┌─ Records for processing
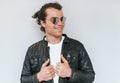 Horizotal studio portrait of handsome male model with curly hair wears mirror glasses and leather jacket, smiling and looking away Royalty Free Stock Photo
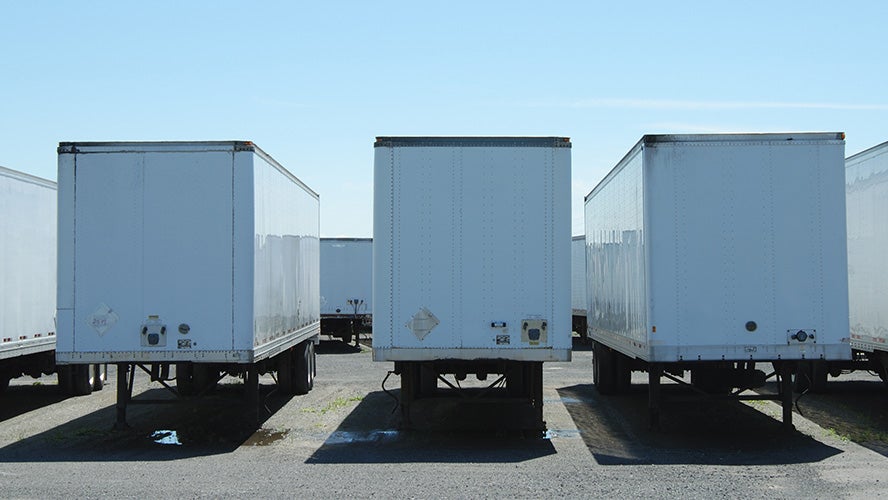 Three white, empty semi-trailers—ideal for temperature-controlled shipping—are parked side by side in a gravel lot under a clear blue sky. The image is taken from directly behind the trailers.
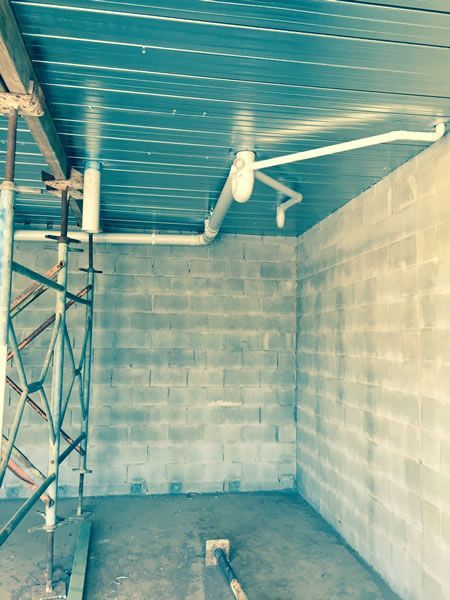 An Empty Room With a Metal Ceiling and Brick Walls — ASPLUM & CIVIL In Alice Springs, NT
└─
┌─ Records for processing
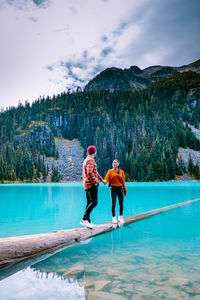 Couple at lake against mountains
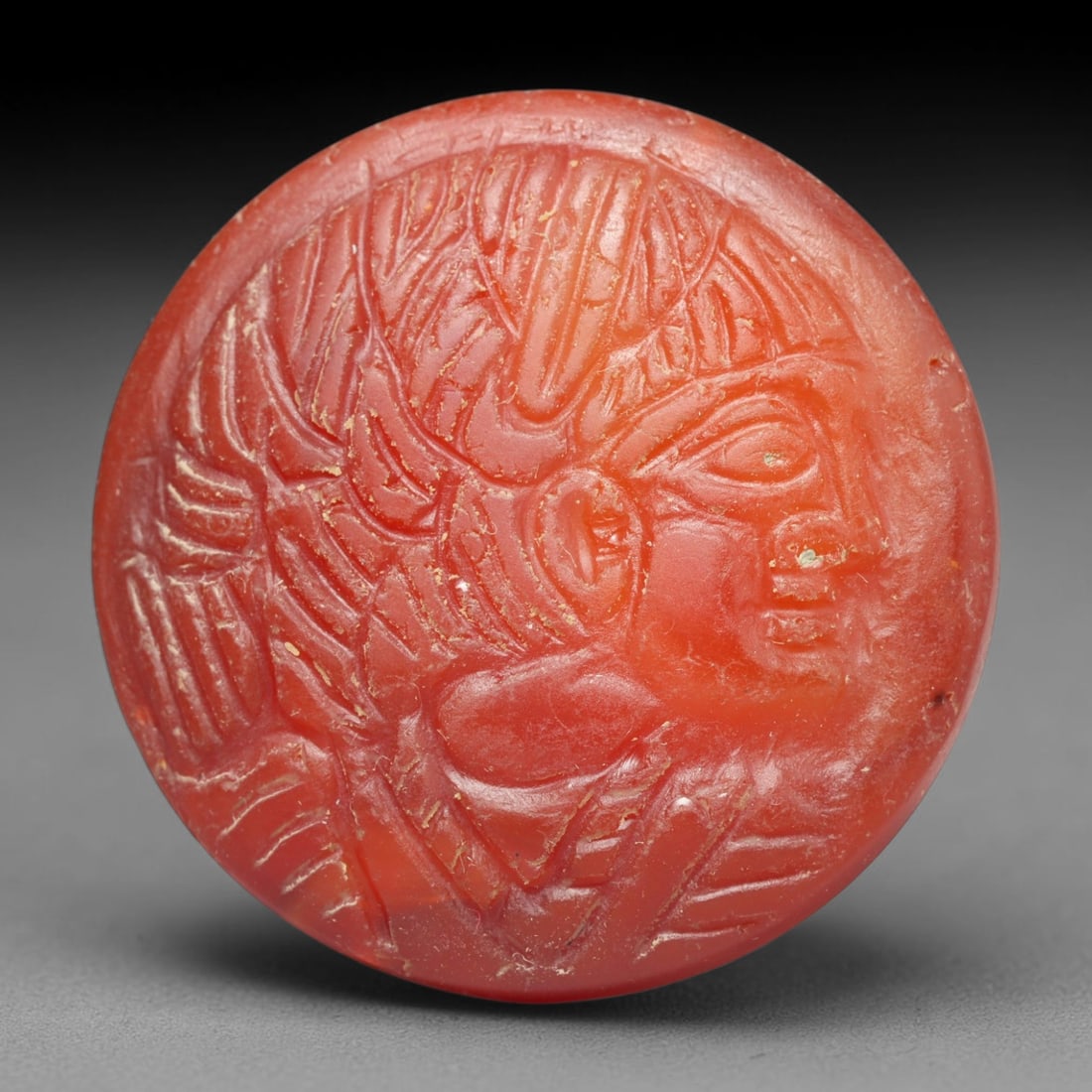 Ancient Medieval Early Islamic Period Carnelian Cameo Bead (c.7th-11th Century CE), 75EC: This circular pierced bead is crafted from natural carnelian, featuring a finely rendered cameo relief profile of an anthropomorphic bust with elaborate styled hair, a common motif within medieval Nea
└─
┌─ Records for processing
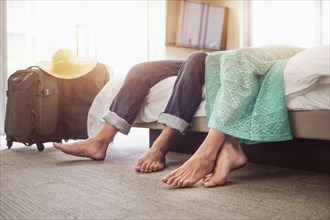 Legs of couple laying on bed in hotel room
└─
* **Description of the task**:
In the data above, the stretch from the line with "Couple at lake against mountains" through the line with "Ancient Medieval Early" is to be returned exactly, minus any pictures.

* **Solution**:
 Couple at lake against mountains
 Ancient Medieval Early Islamic Period Carnelian Cameo Bead (c.7th-11th Century CE), 75EC: This circular pierced bead is crafted from natural carnelian, featuring a finely rendered cameo relief profile of an anthropomorphic bust with elaborate styled hair, a common motif within medieval Nea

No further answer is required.